Posted by pbrittan on July 31, 2003 at 8:39 AM PDT

I have a big black phone with lots of buttons on my desk. I have a very small silver phone that I carry around with me all the times. I use each of these phones on a daily basis. Although they perform the same basic function (allow me to call other people and to receive calls), and they cost roughly the same, they are quite different in a number of ways.

Some of those differences make sense to me. For instance, I enjoy the comfort of the large form factor of my desktop phone. And of course my cell phone is tiny for easy portability. My desktop phone has some features that I don’t usually miss on my cell phone – multiple lines (my cell phone does have call waiting, but frankly I hate that), conference calling, intercom, and transferring calls – because I use my office phone for purposes that require those features and I use my cell phone for purposes that don’t generally require them.

However, there are some differences that make no sense to me. Specifically, my cell phone has a ton of great, easy-to-use features that my desktop phone does not have and that I wish it did. Beyond the obvious one that I can take my cell phone with me, these include a nice readable display and a totally useful built-in phone book (which actually should be server-based), it's compatible with any cheap ear piece (my desktop phone requires a $300 adaptor, unfathomably), I can see missed calls and recent calls (outgoing and incoming), it has voice-activated phone book and menus, caller-ID by default, ringer mute… The list goes on. It even has a bunch of cool features that I don’t use, such as Web browsing, email, games, and a built-in FM radio!

Now, maybe my desktop phone has a lot of these features, but if so, they sure aren’t obvious to me. And if I can’t use them, they might as well not exist. I am reminded of a Bjarne Stroustrup quote:

I have always wished that my computer would be as easy to use as my telephone.
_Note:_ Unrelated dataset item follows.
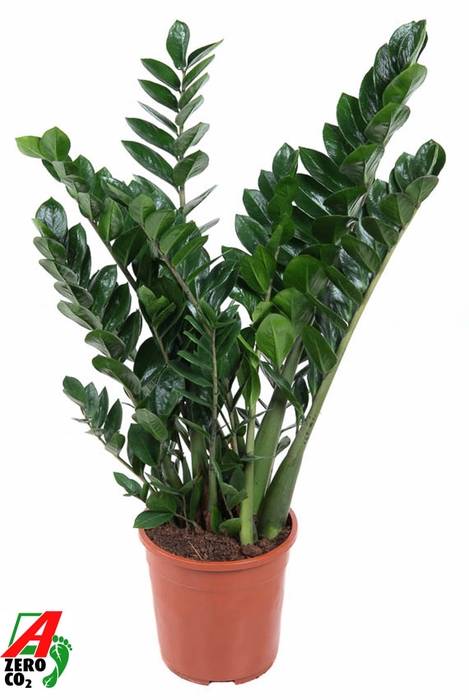 <h4>Zamioculcas Zamiifolia</h4>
My wish has come true. I no longer know how to use my telephone.

I hope someone can explain to me why these gross differences exist. The only credible explanation I have heard so far (from my colleague Lou Franco) is that there is much more competition among cell phone makers and wireless service providers (who subsidize phone purchases) than there are among line phone makers and wired telephone service providers who, despite deregulation, represent near-monopolies. This competition has apparently led to a tremendous pace of innovation in the cell phone space.

So if my cell phone is so great, why don’t I just throw away my desktop phone? The main reason is signal quality. The difference in signal quality between my cell phone and my line phone is still great enough that I am unwilling to give up my line phone and in fact, I will prefer my line phone if both are available to me at any give point.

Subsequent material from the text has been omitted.